The following functions take advantage of the Future framework: NormalizeData, ScaleData, JackStraw, FindMarkers, FindIntegrationAnchors, FindClusters.
In general, R-language, has other options to execute tasks in parallel. Future’s focused on having a ‘simple’ interface for programmers, and support multiple platforms (Linux, Windows, MacOSX).

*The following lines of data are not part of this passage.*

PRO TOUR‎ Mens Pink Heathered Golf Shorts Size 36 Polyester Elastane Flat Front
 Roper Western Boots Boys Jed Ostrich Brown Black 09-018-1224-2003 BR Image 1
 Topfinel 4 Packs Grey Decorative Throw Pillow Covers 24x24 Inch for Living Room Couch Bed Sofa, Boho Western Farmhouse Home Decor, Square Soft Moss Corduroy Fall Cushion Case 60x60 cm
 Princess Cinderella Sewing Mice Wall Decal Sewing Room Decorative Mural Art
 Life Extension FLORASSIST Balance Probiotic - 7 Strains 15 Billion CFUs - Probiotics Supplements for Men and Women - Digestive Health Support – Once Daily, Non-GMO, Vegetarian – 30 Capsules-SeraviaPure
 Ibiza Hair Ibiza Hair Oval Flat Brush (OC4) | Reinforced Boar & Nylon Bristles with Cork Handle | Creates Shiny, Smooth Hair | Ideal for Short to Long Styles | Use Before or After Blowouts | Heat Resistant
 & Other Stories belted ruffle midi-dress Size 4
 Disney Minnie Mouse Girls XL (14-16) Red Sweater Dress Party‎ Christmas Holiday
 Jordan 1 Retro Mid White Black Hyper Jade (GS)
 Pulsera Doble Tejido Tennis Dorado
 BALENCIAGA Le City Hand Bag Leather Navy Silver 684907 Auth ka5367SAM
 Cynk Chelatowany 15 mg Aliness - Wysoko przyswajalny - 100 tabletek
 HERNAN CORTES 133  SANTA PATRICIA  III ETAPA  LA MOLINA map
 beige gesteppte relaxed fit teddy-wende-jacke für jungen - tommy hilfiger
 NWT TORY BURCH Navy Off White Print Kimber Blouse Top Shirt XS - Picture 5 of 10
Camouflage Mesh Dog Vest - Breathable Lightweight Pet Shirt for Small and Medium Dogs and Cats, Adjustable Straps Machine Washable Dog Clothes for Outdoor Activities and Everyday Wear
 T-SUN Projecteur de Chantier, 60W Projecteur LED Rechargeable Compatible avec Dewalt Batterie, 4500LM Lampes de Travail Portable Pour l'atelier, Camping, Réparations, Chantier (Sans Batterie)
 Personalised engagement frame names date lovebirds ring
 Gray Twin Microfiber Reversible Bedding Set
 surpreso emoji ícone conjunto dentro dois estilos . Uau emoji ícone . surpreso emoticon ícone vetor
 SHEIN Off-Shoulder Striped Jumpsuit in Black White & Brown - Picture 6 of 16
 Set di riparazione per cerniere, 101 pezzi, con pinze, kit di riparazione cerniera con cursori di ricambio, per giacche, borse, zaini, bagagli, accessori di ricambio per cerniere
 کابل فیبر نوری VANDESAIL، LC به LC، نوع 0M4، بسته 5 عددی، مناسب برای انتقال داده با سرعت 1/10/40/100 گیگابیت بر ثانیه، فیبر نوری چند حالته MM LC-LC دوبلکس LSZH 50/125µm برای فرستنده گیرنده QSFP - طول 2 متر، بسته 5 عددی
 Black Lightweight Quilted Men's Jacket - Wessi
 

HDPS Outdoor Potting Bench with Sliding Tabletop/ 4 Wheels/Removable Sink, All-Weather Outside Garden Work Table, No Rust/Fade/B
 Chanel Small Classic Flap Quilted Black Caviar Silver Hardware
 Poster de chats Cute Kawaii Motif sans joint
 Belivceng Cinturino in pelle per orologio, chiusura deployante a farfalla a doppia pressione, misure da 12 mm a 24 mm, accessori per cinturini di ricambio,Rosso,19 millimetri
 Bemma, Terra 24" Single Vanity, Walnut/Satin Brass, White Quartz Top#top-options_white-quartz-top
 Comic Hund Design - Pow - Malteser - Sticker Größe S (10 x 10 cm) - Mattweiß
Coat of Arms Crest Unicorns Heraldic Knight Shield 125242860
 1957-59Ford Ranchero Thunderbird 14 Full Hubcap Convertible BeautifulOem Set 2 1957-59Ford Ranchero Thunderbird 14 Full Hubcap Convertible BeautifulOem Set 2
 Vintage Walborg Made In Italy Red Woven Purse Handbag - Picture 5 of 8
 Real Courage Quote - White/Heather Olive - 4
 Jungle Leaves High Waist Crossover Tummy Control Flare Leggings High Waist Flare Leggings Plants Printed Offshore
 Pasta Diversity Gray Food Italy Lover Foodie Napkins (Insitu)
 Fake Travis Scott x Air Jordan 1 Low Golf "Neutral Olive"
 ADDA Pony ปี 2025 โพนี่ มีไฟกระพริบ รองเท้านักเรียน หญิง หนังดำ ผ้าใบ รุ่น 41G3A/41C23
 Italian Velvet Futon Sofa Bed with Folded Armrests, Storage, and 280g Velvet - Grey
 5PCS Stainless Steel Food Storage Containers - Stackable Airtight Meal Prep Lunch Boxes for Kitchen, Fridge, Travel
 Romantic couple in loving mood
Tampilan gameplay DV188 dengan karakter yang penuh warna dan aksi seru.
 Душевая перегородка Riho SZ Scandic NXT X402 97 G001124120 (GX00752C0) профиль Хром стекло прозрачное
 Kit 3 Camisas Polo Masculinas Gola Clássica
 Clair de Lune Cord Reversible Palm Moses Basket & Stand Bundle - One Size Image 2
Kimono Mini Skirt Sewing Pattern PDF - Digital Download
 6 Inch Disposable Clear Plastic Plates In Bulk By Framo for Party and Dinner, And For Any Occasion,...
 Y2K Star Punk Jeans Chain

If you like base R ‘functional’ programming, using
lapply()
, then you’d be happy to learn that there is a
corresponding future_lapply()
in the
future.apply
package. Same goes if you like tidyverse
purrr::map()
, there is a corresponding
future_map()
in the furrr
package! Last, but
not least, if you prefer foreach()
from foreach, then
doFuture
provides a backend adapter.
These are set with future::plan()
. Among others, we
have:
multisession: Resolves futures asynchronously (in parallel) in separate R sessions running in the background on the same machine.
multicore: Resolves futures asynchronously (in parallel) in separate forked R processes running in the background on the same machine. (Doesn’t work on MS Windows.)
Each worker (session/ core) needs access to certain global variables,
these ‘exportation’ is done automatically, and it uses a default size of
500 MiB. If the objects don’t fit, we’d get an error. Use
options(future.globals.maxSize = 2000 * 1024^2)
to increase
this limit to 2 GiB. Be advised, increasing this in excess can be
dangerous, specially if you plan to use way too many workers.
Note: you can execute free -mh
, top
, and
other system monitoring utilities from within the ‘Terminal’ tab inside
the RStudio IDE. If such tab is not already open, next to ‘Console’, you
will need to go into ‘Tools’ Menu.